One capability across EBS volumes, the account-level EBS default, EFS file systems and WorkSpaces virtual desktops: make sure the block and file storage your compute reads and writes is encrypted on disk rather than left in the clear.

14 min·10 sections·AWS

Last reviewed

Remediates AWS Security Hub: EC2.3EC2.7EFS.1EFS.8WorkSpaces.1WorkSpaces.2

Encrypting block and file storage: the basics

Why disks and file systems each have their own version of the same finding

EBS volumes, EFS file systems and WorkSpaces desktop disks are the storage layers your compute reads and writes directly. Encryption at rest scrambles the bytes on those disks with an AWS KMS key, so a stolen volume, a leaked snapshot or a mis-shared backup reveals ciphertext instead of data. Security Hub turns each storage type into its own control: EC2.3 covers attached EBS volumes, EC2.7 covers the account-level EBS default-encryption toggle, EFS.1 and EFS.8 cover EFS file systems, and WorkSpaces.1 and WorkSpaces.2 cover the user and root volumes of virtual desktops. Different resources, identical risk: storage readable on disk.

They look like separate problems on the report, but they are one capability: prove that every block and file volume in the estate, and every snapshot or backup derived from it, is encrypted under a key you can govern. The bytes are protected with AES-256 and the encryption is hardware-accelerated, so there is no measurable performance cost; the value is the KMS key boundary, which lets you authorise, log and revoke access to the data without touching the workload.

The trait that makes this capability sharp is that EFS and WorkSpaces bind encryption to creation: an EFS file system's Encrypted flag and a WorkSpace's RootVolumeEncryptionEnabled flag are read-only after the resource is built, so the only fix is a migration to a new, encrypted resource. EBS is the reverse: existing volumes still cannot be encrypted in place, but the account-level default (EC2.7) is a single per-region toggle that makes every new volume encrypted from creation. The work is to find the unencrypted storage, migrate what is immutable, and flip the EBS default everywhere so the gap cannot grow.

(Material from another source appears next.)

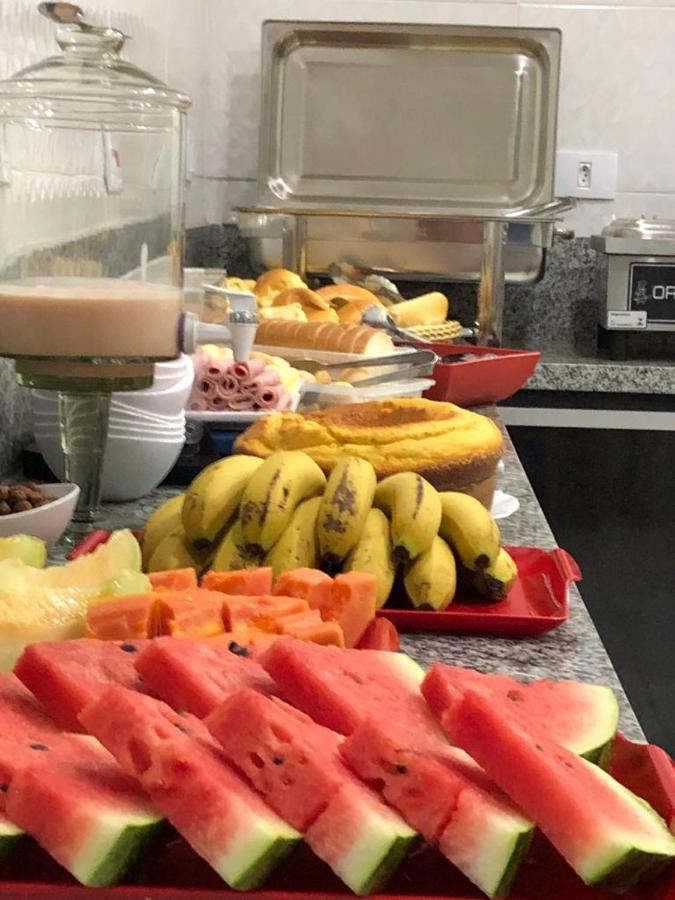 Hotel Minho - Proximo 25 De Marco Bras E Bom Retiro E Hospital Perola Byington "Garanta Ja A Sua Reserva" São Paulo Eksteriør billede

In this lesson you will learn how AWS expresses encryption at rest across block and file storage, why EFS and WorkSpaces make encryption immutable at creation while the EBS default is a free per-region toggle, how to migrate the immutable resources without an outage, and how to stop new unencrypted storage from ever appearing. The Controls this lesson covers section lists every Security Hub control in this capability, each linking to a deep page with the exact check and a copy-and-paste fix.

Fun fact

The default AWS shipped but never turned on

EBS encryption launched in 2014, but for years the account-level default was off in every account in every region. AWS finally shipped the per-region toggle in 2019, and made EFS console encryption default-on the same year, but it never auto-enabled them: silently changing a default would have broken every cross-account snapshot copy in existence. The result is a long tail. In 2026 there are still large accounts where EC2.7 fails in three regions because someone flipped it on in us-east-1 and called it done, and EFS file systems created from a 2017 CloudFormation template that never set Encrypted=true. The defaults exist, but every resource created before them still has to be checked and, for the immutable ones, migrated.

Finding unencrypted storage across an estate

Marco is closing out a SOC 2 readiness sprint. Security Hub shows storage encryption failures across EBS, EFS and WorkSpaces in three accounts: the EBS default was flipped on in the home region years ago but never in the two newer regions, and a handful of file systems and desktops pre-date the encryption standard.

Rather than work the findings resource by resource, he starts by confirming the cheapest, highest-leverage gap first: whether the per-region EBS default is actually on everywhere, because that single toggle stops new unencrypted volumes before he touches the migrations.

Check the EBS default-encryption state per region. A false here is what causes EC2.7 to fail and lets new volumes be created unencrypted.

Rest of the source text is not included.